What’s the latest?
The Environment Protection and Biodiversity Conservation Amendment (Standards and Assurance) Bill 2021 (New Amendment Bill) was introduced to Federal Parliament yesterday. It supplements the Environment Protection And Biodiversity Conservation Amendment (Streamlining Environmental Approvals) Bill 2020 (Earlier Amendment Bill) introduced last year.
The New Amendment Bill establishes a legal framework for National Environmental Standards and an Environmental Assurance Commissioner to oversee the devolution of environmental decision-making powers to the States and Territories.
These Bills (together referred to as the Amendment Bills) are the first step in enacting some of the recommendations coming out of Professor Graeme Samuel AC’s independent, statutory review of the Environment Protection and Biodiversity Conservation Act 1999 (Cth) (EPBC Act).
This update explores:
- The findings of Prof. Samuel’s review;
- The implications of the Amendment Bills; and
- Where to from here.
The final report
The Australian Government released the Independent Review of the EPBC Act – Final Report (October 2020) (Final Report) on 28 January 2021.
This report rounds out the comprehensive review of the EPBC Act that Prof. Samuel has been leading since October 2019 – considering Australia’s primary piece of national environmental legislation – its successes, failures and future prospects.
The review’s June 2020 Interim Report was damning. It found that Australia’s environment is in an “overall state of decline” and that the EPBC Act is “ineffective” in protecting or conserving the environment for the future.
The tenor of the Final Report is unchanged – it concludes that the “environment is not sufficiently resilient to withstand current, emerging or future threats, including climate change”, the EPBC Act “facilitates ongoing decline” and that this “complex and cumbersome” law needs fundamental reform.
There are 38 recommendations for change. Although we are still waiting on the Government’s official response to the Final Report, if its response to the Interim Report and the implications of the Amendment Bills are anything to go by, we are going to see some significant changes to the environmental regulatory system in Australia over the next couple of years.
Recommended stages of reform
Prof. Samuel wants to see reform occur over a two year period, in three tranches. This builds on the ‘three phase’ reform pathway suggested in the Interim Report and categorises reforms into ‘urgent’ (tranche 1), ‘medium-term’ (tranche 2) and ‘long-term’ (tranche 3) changes.

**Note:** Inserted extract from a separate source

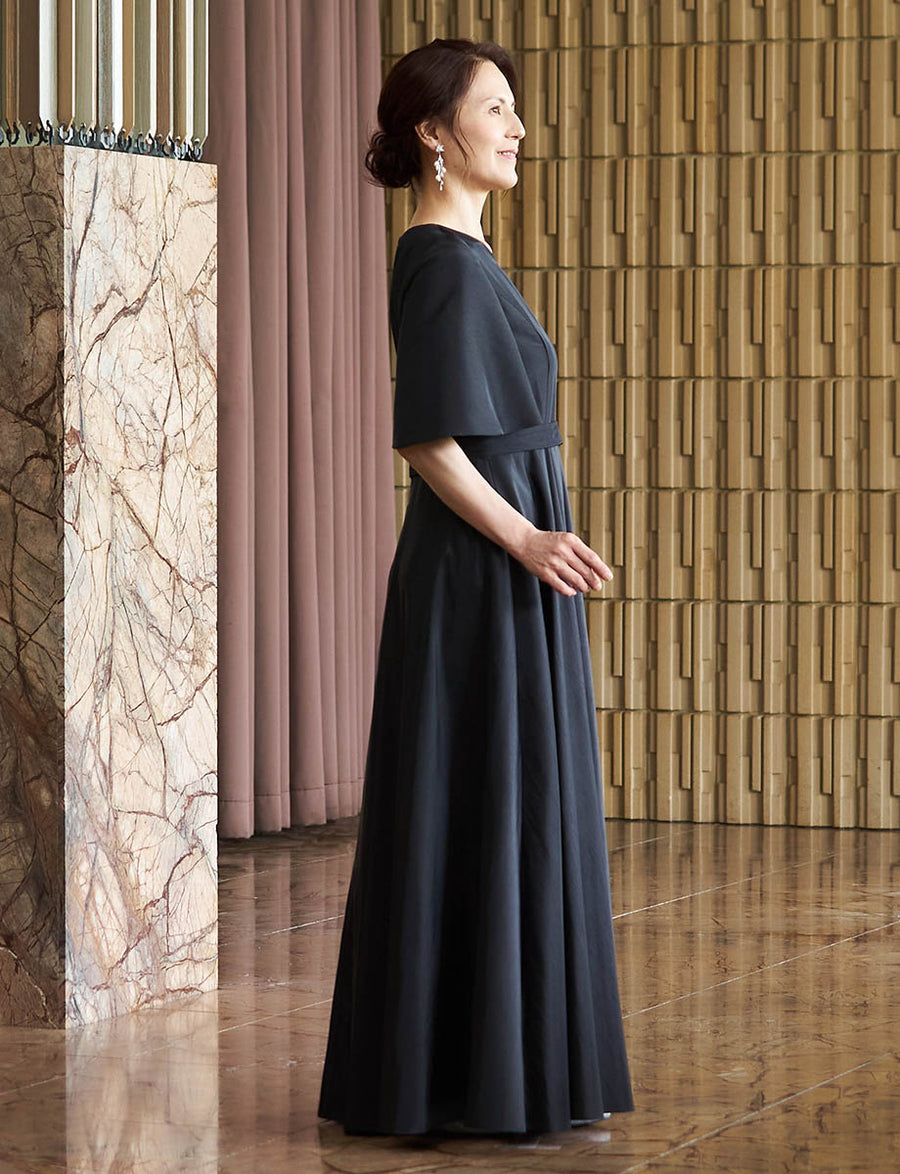 結婚式 母親ドレス ブラック・マザーズドレス タフタAライン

We discuss key aspects of each of these tranches below.
Tranche 1 reforms – now
National Environmental Standards
Legally enforceable National Environmental Standards are the “centrepiece” of Prof. Samuel’s recommended reforms. Many of the other recommendations rest on these Standards. The intent of the Standards is to:
- Describe the environmental outcomes the EPBC Act is designed to achieve; and
- Set the boundaries for decision-making on EPBC Act approvals by the Commonwealth and accredited State and Territory governments or bodies.
Prof. Samuel has developed 4 Standards, included in Appendix B to the Final Report (Proposed Standards), that he says should be accepted by the Australian Government “in full” and implemented immediately – these deal with Matters of National Significance (MNES), Indigenous Engagement and Participation in Decision-Making, Compliance, Enforcement and Data and Information. Other Standards will likely deal with Commonwealth actions and actions involving Commonwealth land, Transparent processes and robust decisions, Environmental monitoring and evaluation of outcomes Environmental restoration including offsets and Wildlife permits and trade.

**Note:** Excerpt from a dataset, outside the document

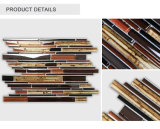 Classic Style Low Price Strip Brown Glass Mosaic Tile for Home Decoration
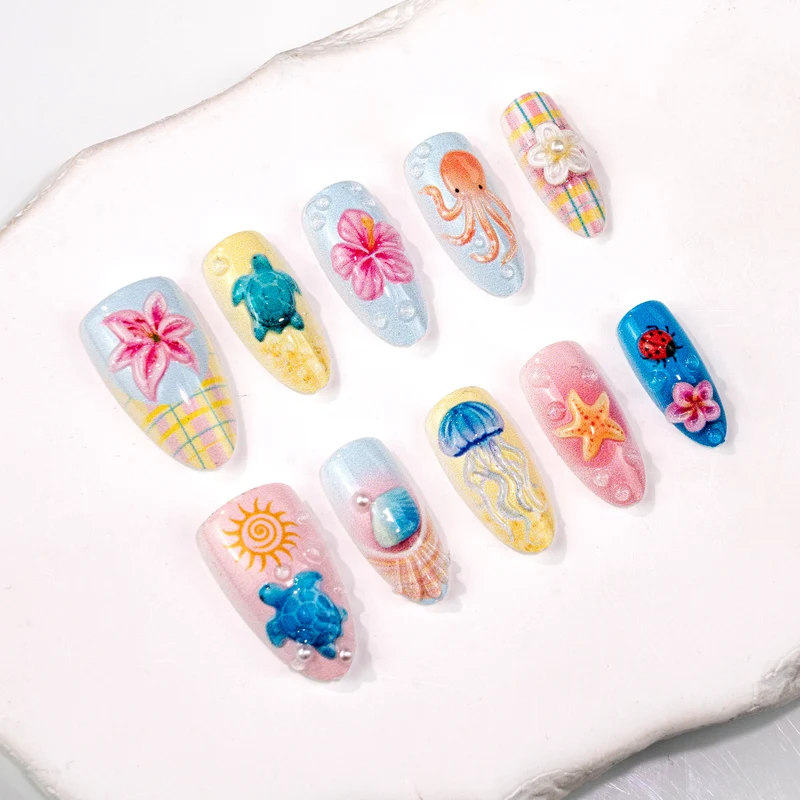 Künstlerisches 3D-Ozean-inspiriertes Press-On-Nagelkunst-Set Brehn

The intent of the Standards is laudable – to provide clarity and consistency of regulatory requirements, allowing devolution of decision-making to the States and Territories and removal of duplication, as well as a more co-ordinated and holistic assessment of environmental impacts (rather than being purely transaction-based), leading to better environmental outcomes. It looks almost certain that National Environmental Standards will become part of the national environmental framework going forward, however the exact content of the Standards remains uncertain.

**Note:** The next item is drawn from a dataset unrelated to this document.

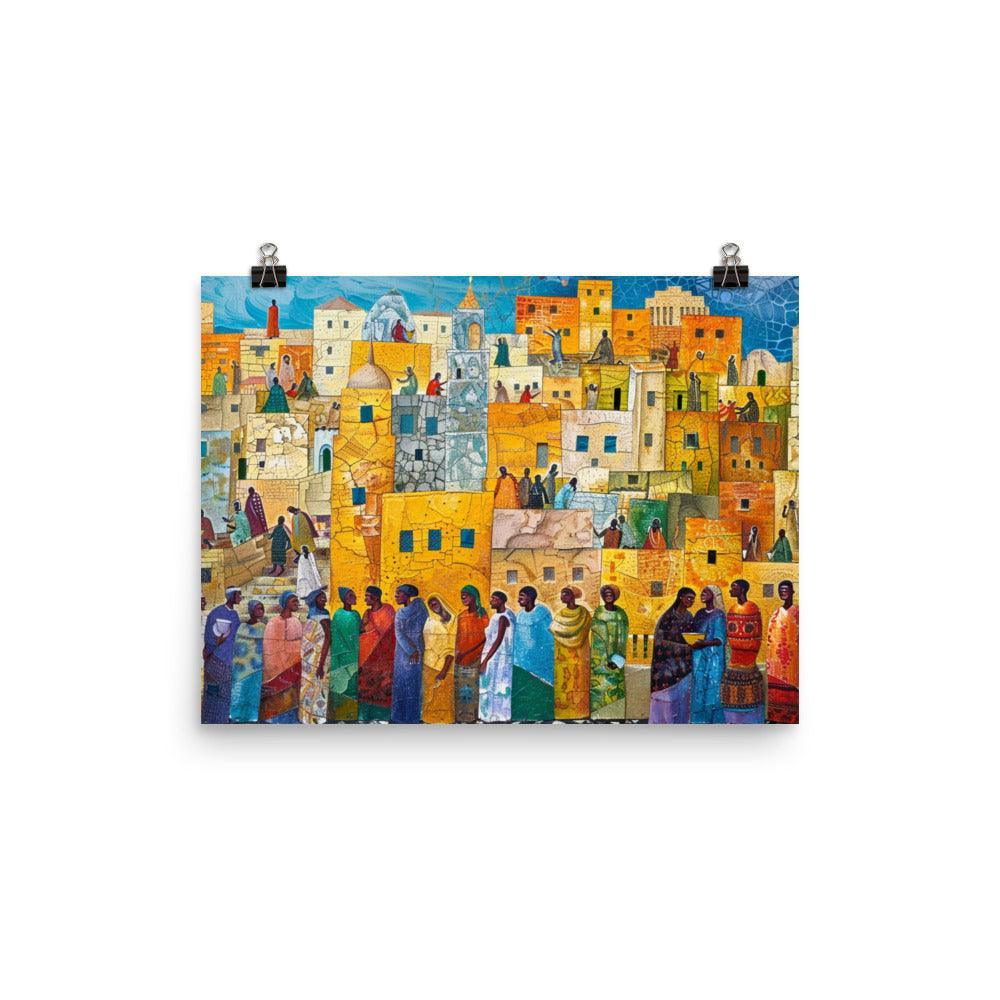 Eritrea Vibrant Town Mosaic Artwork Poster - Oh Posters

The Final Report acknowledges that the Standards that can be implemented in the short-term are constrained by certain factors, including the current requirements of the EPBC Act and the quality of data, information and systems. In some respects the ultimate aims of the Standards will have to wait for, and evolve with, future EPBC Act amendments. For example, a significant constraint is the concept of ” significant impacts on MNES” which is embedded in the Act’s key, existing regulatory controls (the referral/approval triggers). This is quite different to the idea of active restoration of the environment, which is the stated ultimate aim of the Final Report. Whilst some changes have been made to the Proposed Standards, as compared to earlier iterations of the Standards included in the Interim Report, arguably the latest proposals still include some concepts that go beyond the regulatory status quo under the EPBC Act. For example, the proposed Standard for ‘Threatened Species and Ecological Communities’ requires that “at a minimum” all actions and decisions “avoid adverse impacts” and “ensure no net reduction” of habitat. Express references to cumulative impacts and the principle of non-regression also arguably go beyond the current legal settings.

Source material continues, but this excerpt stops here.